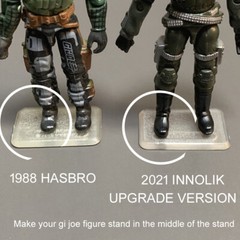 20Pcs Transparent Stand Base for 3.75” GI JOE Action Figures Display Toy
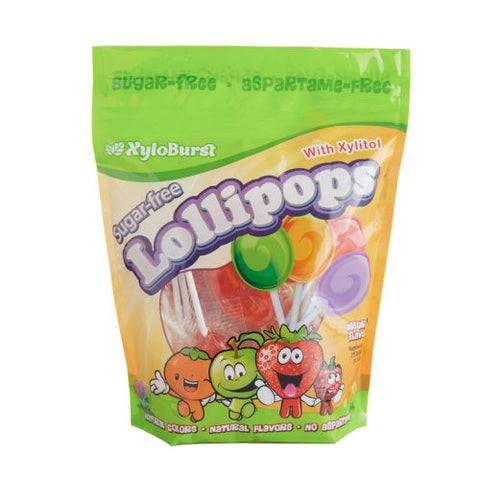 Sugar-Free Lollipops with Xylitol Assorted 25 Piece by Xyloburst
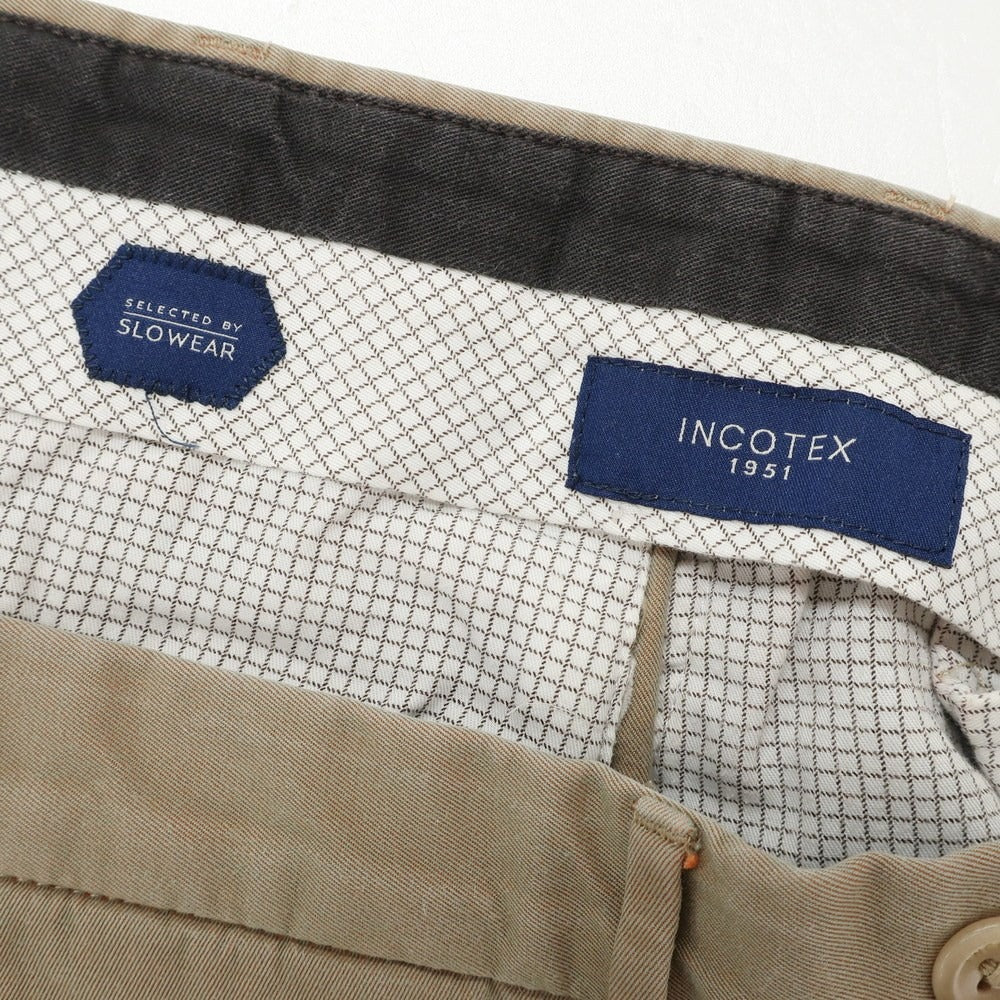 [Used] INCOTEX Cotton Casual Slacks Pants Khaki Beige [52] [Condition Rank B] [Men&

§ BRIEF
Find the line that contains "Sugar-Free Lollipops with" and repeat it, along with every line after it to the end of the data, exactly; drop the pictures.

§ WRITTEN REPLY
 Sugar-Free Lollipops with Xylitol Assorted 25 Piece by Xyloburst
 [Used] INCOTEX Cotton Casual Slacks Pants Khaki Beige [52] [Condition Rank B] [Men&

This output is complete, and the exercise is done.